Light. Space. Light and space without time, I think, for this is a country with only the slightest traces of human history. In the doctrine of the geologists with their scheme of ages, eons and epochs all is flux, as Heraclitus taught, but from the mortally human point of view the landscape of the Colorado is like a section of eternity--timeless. In all my years in the canyon country I have yet to see a rock fall, of its own volition, so to speak, aside from floods. To convince myself of the reality of change and therefore time I will sometimes push a stone over the edge of a cliff and watch it descend and wait--lighting my pipe--for the report of its impact and disintegration to return. Doing my bit to help, of course, aiding natural processes and verifying the hypotheses of geological morphology. But am not entirely convinced.

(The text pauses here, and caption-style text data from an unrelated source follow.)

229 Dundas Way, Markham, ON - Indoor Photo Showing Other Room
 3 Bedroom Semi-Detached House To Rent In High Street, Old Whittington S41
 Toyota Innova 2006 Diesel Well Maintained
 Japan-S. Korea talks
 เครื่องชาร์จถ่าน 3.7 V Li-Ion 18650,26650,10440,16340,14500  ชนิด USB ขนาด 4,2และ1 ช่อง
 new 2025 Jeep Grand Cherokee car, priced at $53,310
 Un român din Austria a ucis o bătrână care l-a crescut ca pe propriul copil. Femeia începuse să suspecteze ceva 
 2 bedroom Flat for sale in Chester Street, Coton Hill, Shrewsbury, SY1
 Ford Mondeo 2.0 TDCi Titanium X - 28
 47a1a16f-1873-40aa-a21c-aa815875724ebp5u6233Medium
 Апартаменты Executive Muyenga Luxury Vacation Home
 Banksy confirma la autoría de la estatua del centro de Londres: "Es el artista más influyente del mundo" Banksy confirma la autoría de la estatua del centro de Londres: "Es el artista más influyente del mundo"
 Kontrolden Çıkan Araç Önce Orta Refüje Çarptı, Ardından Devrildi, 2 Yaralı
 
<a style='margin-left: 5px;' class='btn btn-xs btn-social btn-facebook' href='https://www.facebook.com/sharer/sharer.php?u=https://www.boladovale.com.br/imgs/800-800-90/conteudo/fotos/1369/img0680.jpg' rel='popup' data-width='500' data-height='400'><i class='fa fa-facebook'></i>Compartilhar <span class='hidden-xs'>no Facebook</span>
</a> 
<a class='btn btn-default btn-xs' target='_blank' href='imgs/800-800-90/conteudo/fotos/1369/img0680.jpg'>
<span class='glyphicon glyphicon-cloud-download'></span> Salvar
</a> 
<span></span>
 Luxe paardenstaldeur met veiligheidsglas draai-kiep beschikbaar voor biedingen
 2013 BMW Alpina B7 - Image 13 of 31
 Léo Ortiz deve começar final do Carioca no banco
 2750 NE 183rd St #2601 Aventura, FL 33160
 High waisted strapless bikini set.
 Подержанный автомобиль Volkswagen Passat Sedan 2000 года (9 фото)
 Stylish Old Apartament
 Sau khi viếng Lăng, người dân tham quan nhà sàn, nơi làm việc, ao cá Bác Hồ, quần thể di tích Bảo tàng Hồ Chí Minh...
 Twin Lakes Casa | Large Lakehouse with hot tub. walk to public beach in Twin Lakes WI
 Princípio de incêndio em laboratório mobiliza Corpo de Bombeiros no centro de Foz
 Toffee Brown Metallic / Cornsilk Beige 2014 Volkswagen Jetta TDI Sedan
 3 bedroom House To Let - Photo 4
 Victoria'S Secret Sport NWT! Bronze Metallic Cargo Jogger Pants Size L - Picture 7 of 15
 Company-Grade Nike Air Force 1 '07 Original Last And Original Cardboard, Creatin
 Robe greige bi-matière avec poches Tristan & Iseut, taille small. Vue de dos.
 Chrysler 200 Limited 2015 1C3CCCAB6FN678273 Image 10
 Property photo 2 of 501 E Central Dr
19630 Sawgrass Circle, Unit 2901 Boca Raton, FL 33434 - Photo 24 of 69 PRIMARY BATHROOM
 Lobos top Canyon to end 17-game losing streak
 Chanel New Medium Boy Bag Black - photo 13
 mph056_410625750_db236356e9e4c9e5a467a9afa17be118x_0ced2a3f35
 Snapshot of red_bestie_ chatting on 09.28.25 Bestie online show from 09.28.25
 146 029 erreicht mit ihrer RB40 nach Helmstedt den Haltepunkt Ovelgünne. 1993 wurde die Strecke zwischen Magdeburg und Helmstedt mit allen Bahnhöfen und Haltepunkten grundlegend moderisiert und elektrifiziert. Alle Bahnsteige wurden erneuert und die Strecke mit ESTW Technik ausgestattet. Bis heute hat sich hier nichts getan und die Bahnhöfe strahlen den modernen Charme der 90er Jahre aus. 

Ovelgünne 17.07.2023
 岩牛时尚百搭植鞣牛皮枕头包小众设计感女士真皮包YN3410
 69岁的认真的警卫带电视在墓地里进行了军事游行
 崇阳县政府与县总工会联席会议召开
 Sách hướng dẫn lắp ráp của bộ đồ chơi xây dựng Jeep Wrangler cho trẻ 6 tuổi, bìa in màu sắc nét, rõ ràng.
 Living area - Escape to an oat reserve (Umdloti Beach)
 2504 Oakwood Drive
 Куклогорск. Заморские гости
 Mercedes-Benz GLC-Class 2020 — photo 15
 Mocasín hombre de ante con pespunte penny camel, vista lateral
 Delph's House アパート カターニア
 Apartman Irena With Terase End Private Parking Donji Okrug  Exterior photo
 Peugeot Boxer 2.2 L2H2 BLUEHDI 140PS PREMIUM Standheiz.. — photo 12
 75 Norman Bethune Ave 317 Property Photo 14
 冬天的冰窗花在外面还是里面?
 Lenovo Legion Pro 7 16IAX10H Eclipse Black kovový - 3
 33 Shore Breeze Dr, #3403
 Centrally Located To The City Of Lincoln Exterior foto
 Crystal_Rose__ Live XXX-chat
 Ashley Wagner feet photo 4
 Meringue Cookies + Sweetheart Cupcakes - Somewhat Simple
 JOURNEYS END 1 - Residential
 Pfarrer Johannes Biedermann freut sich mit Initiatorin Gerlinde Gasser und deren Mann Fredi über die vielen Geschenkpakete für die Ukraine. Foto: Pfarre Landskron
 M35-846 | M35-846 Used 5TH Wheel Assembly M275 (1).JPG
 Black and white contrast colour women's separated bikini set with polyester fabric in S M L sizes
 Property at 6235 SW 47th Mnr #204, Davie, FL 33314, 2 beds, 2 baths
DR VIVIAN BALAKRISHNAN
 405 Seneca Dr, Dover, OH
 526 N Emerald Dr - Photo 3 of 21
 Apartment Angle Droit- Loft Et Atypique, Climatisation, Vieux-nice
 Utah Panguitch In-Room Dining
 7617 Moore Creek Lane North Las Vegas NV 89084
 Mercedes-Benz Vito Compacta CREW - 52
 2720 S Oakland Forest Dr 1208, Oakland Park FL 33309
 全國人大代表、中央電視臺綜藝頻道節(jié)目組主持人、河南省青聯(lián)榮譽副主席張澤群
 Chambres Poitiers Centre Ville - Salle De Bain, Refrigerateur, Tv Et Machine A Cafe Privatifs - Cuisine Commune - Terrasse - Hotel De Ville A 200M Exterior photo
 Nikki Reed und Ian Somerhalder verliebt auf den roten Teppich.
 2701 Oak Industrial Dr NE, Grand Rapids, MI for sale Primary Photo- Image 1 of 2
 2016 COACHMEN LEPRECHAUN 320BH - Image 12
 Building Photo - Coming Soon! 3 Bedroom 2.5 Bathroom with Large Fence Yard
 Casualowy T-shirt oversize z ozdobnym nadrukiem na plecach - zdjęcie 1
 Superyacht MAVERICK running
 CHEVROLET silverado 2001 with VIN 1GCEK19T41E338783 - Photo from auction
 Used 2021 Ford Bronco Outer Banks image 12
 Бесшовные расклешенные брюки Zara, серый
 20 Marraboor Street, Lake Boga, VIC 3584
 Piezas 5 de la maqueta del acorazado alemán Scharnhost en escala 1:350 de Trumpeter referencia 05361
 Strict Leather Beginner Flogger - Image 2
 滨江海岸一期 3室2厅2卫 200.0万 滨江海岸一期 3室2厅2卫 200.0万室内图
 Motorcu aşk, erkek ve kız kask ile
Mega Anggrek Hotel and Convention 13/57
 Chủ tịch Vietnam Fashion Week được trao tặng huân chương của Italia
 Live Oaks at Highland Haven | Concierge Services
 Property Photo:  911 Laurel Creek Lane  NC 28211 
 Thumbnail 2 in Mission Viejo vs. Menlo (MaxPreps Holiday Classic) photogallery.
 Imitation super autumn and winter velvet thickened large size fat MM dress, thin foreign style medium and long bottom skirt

Men come and go, cities rise and fall, whole civilizations appear and disappear--the earth remains, and the heartbreaking beauty where there are no hearts to break. Turning Plato and Hegel on their heads I sometimes choose to think, no doubt perversely, that man is a dream, thought an illusion, and only rock is real. Rock and sun.
Under the desert sun, in that dogmatic clarity, the fables of theology and the myths of classical philosophy dissolve like mist. The air is clean, the rock cuts cruelly into flesh; shatter the rock and the odor of flint rises to your nostrils, bitter and sharp. Whirlwinds dance across the salt flats, a pillar of dust by day; the thornbush breaks into flame at night. What does it mean? It means nothing. It is as it is and has no need for meaning. The desert lies beneath and soars beyond any possible human qualification. Therefore sublime.”
As Wittgenstein proposed, and I think Ed Abbey would agree, our “deepest problems are in fact not problems at all.” A primary conclusion of Wittgenstein’s Tractacus is that any language that does not illustrate fact is, in a word, nonsense. Ed Abbey takes this a step further in claiming that man is merely an illusion on the stage of time, that all our names and claims, our semasiology and onomasiology, are all merely futile. In the expanse of desert, a nature that quickly eliminates the unprepared, human existence is wispy. However, Abbey points to a pervasive human culture that, in 1958, was worrisome and increasingly threatening. Indeed, Abbey addresses the true problems -- material culture, paved roads, vehicles, dependence on modern technologies, the inability of people to slow down and enjoy their lives and their surroundings. He does so quite eloquently, and thus we remember him neither as a romantic nature writer or grand philosopher, but as a persistent defender of our environment.
My first trip to the desert was a success in more ways than one. It is remembered among ham operators as one of, if not the only productive DXpeditions to that grid square. During the trip, I made contact with Fred Fish (W5FF), and we helped him become the only ham radio operator to collect all the grid squares in the contiguous United States. My father collected the grid square on the trip and currently requires just one more grid square to match Fred Fish and earn the Fred Fish Memorial Award (FFMA). I hope that he does it, not for status, but because it would serve as a fitting tribute to our trip to Big Bend. It was there that my father reviewed the “not a trace” theory of wilderness excursions. This was the most important success. We left nothing for the desert to remember us by, just some buried toilet paper, tracks in the dirt, and a piece of my soul that invites me back now and again. For what? I do not, nor do I want to, know. I choose not to name that which I cannot define. I choose not to speak of that which I do not understand.